New Fast Automatic Daffodils (later shortened to New FADS) were an alternative rock group from Manchester, England, active between 1988 and 1995.

History
The band was formed in 1988 by former members of the punk rock group Pariah. Dolan Hewison, Justin Crawford, Perry Saunders and Icarus Wilson-Wright were former students at Manchester Polytechnic, while Andy Spearpoint attended drama school. The name comes from a poem by Adrian Henri that mixed an advertisement for a yellow Dutch car with a Wordsworth poem. Often associated with the 'Madchester' scene of the late 1980s, but never really part of that scene, the band's debut single, "Lions" was released in 1989 on Playtime records (then home to Inspiral Carpets), followed the same year by the Music Is Shit EP. In 1990, they signed to Play It Again Sam Records, September of that year seeing the release of "Fishes Eyes", and debut album Pigeonhole appearing in November, which reached the UK top 50.

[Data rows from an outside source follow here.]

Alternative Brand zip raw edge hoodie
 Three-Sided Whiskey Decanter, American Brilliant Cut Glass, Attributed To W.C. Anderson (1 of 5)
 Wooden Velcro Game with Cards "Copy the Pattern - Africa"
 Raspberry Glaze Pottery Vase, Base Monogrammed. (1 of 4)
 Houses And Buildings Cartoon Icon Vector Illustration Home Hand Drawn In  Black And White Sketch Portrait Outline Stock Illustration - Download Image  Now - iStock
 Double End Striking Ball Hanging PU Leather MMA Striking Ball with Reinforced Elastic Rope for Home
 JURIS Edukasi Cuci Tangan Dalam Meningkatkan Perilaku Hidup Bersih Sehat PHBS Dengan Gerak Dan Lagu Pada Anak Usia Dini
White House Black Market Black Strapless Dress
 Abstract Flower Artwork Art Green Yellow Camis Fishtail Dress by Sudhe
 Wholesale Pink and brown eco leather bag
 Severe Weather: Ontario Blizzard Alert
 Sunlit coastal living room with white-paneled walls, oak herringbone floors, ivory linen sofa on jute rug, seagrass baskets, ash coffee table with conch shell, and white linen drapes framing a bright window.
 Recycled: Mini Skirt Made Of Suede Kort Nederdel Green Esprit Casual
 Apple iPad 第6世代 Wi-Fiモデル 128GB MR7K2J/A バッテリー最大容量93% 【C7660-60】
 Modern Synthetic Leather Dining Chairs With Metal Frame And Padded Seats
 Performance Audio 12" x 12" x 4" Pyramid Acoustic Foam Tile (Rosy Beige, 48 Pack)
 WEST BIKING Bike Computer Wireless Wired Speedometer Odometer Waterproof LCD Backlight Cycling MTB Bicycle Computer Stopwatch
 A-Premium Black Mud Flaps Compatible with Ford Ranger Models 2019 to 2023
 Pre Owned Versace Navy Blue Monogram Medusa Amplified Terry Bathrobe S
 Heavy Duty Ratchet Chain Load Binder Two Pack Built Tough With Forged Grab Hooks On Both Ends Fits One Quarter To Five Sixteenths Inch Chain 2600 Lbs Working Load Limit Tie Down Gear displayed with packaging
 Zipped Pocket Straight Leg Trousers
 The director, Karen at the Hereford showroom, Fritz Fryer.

In March 1991, the British music magazine, NME, reported that the band were appearing at the 'Great Indie Festival - A Midsummer's Day Dream' at Milton Keynes Bowl in June that year. Also on the bill were 808 State, Gary Clail, Shades of Rhythm, The Shamen, Paris Angels plus Flowered Up. Further singles followed in 1991 and 1992, with second album Body Exit Mind issued in October 1992 (reaching No. 57 in the UK). 1994 saw the band shorten their name to New FADS, with 2 EPs released that year, before a final album, Love It All in 1995. The band split up in 1995.

The band recorded three sessions for John Peel's radio show, the first two of which were compiled onto an album, The Peel Sessions in 1991. Their song "Big" also reached No. 14 in the Festive Fifty in 1990 and featured on the influential 1990 compilation album Happy Daze. Their lone charting success in the United States was the single "Stockholm", which reached No. 30 on the Billboard Modern Rock charts in 1993.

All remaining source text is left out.